A completely transient, in-memory storage for ruote. Cannot be shared by multiple workers. Mostly used for testing or for transient workflows.

Ruote::FsStorage

source

Stores ruote information into a hierarchy of JSON files. Can be shared by multiple workers (though on the same host).

Rather fast. Easy to use (just a bunch of files).

Doesn’t work with multiple workers on Windows (the file locking mechanism it uses is not supported on this platform).

Ruote::Redis::Storage

source

A redis based storage. Very fast, usable by multiple workers (remotely).

Ruote::Sequel::Storage

source

A Sequel persistence. Tested with PostgreSQL and MySQL. OK with multiple workers.

ruote-dm and ruote-sequel share the same schema (1 table).

Ruote::Dm::Storage

source

A DataMapper storage implementation. OK with multiple workers (since ruote-dm 2.2.0).

ruote-dm and ruote-sequel share the same schema (1 table).

Ruote::Couch::Storage

source

A CouchDB storage implementation. OK with multiple workers.

It’s rather slow. People tend to use it to store workitems, and let the msgs and schedules be stored in faster implementations (see CompositeStorage).

Ruote::Mon::Storage

source

MongoDB storage implementation.

Ruote::Beanstalk::BsStorage

This storage is an experiment. It uses a set of beanstalk tubes to make a FsStorage available to remote workers.

source

composite storage

source

The “composite” storage lets you select which storage to use for which category of object to be persisted. Here is a table detailing those ‘categories’ :

type description
expressions the atomic pieces of process instance
msgs ‘messages’ to apply/reply to expressions
schedules msgs scheduled for later processing
errors errors that occured during process execution (msgs processing)
variables engine (global) variables
configurations engine configurations
workitems StorageParticipant workitems
history (if you use Ruote::StorageHistory)

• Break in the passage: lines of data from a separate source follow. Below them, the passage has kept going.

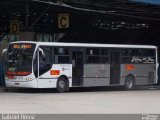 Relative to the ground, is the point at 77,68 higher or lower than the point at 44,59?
lower

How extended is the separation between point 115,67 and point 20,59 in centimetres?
649

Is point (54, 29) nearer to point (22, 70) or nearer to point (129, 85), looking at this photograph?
point (129, 85)

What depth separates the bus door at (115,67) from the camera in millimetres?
32156

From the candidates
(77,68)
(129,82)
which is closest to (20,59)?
(77,68)

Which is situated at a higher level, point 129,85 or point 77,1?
point 77,1

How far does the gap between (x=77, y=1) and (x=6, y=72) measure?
8.71 m

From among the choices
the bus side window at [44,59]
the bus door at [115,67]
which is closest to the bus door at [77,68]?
the bus side window at [44,59]

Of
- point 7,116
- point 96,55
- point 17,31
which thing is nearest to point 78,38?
point 17,31

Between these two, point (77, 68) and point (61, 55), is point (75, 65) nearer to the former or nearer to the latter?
point (77, 68)

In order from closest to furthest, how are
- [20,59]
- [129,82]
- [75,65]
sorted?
[20,59] < [75,65] < [129,82]

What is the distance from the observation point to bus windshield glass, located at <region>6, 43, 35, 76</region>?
2800 cm

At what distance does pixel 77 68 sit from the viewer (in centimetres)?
2991

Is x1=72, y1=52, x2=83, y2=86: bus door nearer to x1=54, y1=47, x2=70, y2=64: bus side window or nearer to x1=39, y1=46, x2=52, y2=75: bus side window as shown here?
x1=54, y1=47, x2=70, y2=64: bus side window

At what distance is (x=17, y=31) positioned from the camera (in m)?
36.8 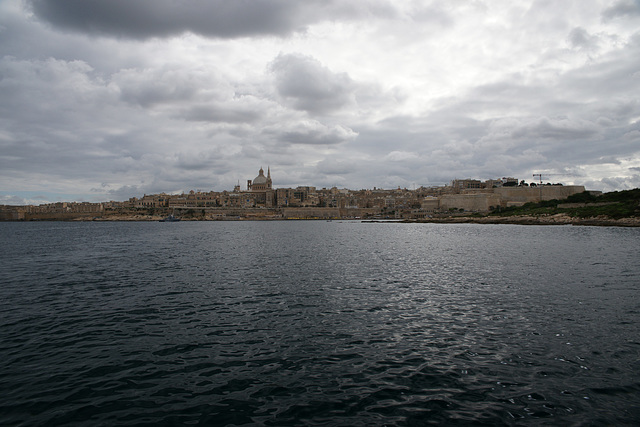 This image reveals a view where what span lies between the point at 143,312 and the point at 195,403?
20.6ft

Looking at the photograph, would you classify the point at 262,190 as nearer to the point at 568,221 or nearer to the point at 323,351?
the point at 568,221

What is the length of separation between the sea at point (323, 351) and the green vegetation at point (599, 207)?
53310 mm

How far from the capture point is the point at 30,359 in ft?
25.7

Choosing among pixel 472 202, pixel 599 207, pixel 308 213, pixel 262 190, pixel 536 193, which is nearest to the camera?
pixel 599 207

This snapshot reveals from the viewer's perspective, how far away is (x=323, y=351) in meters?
8.06

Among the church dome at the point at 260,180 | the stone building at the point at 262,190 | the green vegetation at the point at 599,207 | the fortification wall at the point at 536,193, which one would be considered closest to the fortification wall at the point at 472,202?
the fortification wall at the point at 536,193

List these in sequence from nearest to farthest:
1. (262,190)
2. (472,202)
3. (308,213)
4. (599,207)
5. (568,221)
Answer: (568,221), (599,207), (472,202), (308,213), (262,190)

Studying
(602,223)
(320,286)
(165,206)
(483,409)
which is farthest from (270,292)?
(165,206)

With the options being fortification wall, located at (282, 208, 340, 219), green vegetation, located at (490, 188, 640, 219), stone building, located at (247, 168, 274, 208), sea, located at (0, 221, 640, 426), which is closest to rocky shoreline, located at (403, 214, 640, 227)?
green vegetation, located at (490, 188, 640, 219)

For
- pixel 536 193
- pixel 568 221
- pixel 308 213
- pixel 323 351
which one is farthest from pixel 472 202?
pixel 323 351

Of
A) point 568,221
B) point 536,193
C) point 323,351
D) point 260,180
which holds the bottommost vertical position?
point 323,351

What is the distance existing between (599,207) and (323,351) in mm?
76300

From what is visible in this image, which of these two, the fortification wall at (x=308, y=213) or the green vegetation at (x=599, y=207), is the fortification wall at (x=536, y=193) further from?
the fortification wall at (x=308, y=213)

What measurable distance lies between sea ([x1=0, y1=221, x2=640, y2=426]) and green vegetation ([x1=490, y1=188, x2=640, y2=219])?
5331cm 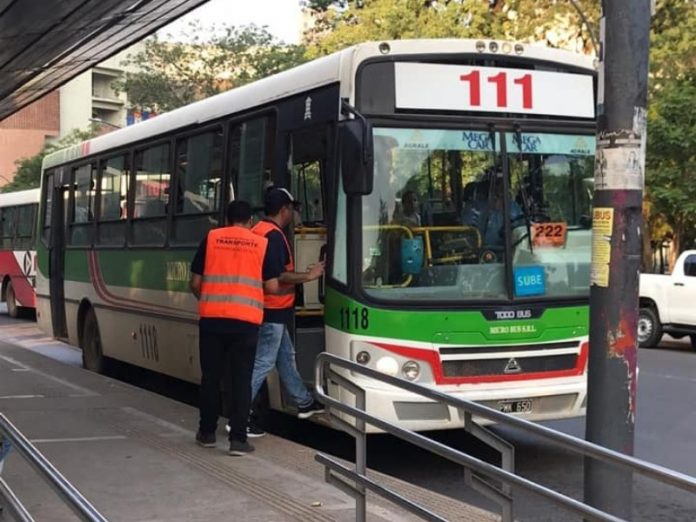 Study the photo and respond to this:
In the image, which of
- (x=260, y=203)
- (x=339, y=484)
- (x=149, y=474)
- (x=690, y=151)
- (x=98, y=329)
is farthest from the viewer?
(x=690, y=151)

An example where everything is handled by a FsStorage while the ‘msgs’ are stored in a HashStorage :

              opts = {
                'remote_definition_allowed' => true,
                'ruby_eval_allowed' => true
              }
            
              engine =
                Ruote::Engine.new(
                  Ruote::Worker.new(
                    Ruote::CompositeStorage.new(
                      Ruote::FsStorage.new('ruote_work', opts),
                      'msgs' => Ruote::HashStorage.new(opts))))